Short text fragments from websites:
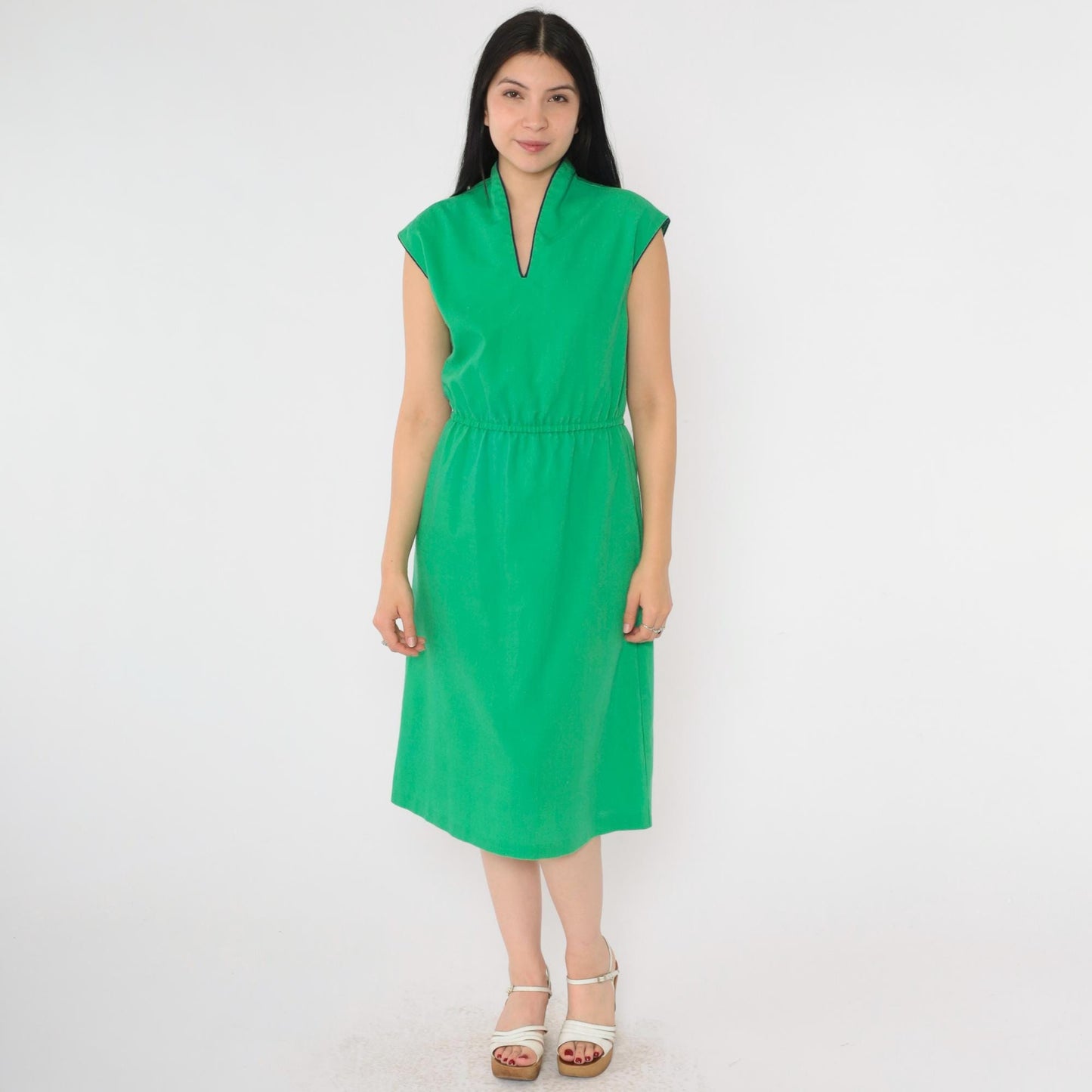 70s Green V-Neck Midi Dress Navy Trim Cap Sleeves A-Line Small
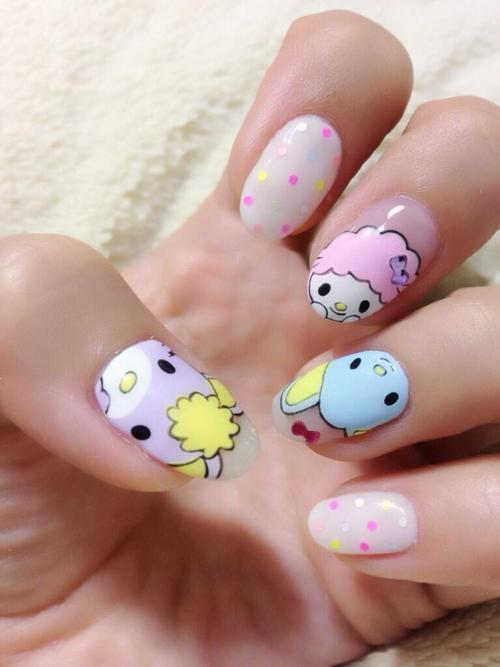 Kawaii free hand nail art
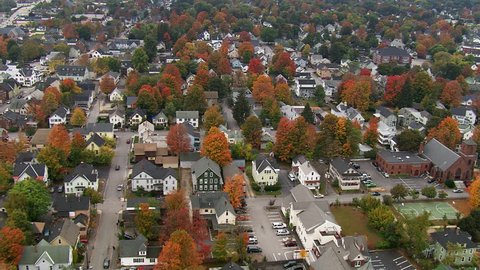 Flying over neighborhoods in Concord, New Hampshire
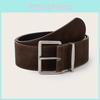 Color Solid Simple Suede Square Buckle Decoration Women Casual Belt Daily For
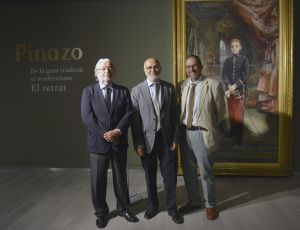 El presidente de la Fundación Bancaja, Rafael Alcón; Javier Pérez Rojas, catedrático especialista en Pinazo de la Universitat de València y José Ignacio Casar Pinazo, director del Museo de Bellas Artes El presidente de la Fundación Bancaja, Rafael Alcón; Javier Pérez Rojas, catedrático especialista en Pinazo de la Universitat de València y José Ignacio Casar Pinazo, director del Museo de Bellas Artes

-- Task instructions --
Give back all of the entries verbatim, but without pictures.

-- Solution for this problem --
 70s Green V-Neck Midi Dress Navy Trim Cap Sleeves A-Line Small
 Kawaii free hand nail art
 Flying over neighborhoods in Concord, New Hampshire
 Color Solid Simple Suede Square Buckle Decoration Women Casual Belt Daily For
 El presidente de la Fundación Bancaja, Rafael Alcón; Javier Pérez Rojas, catedrático especialista en Pinazo de la Universitat de València y José Ignacio Casar Pinazo, director del Museo de Bellas Artes El presidente de la Fundación Bancaja, Rafael Alcón; Javier Pérez Rojas, catedrático especialista en Pinazo de la Universitat de València y José Ignacio Casar Pinazo, director del Museo de Bellas Artes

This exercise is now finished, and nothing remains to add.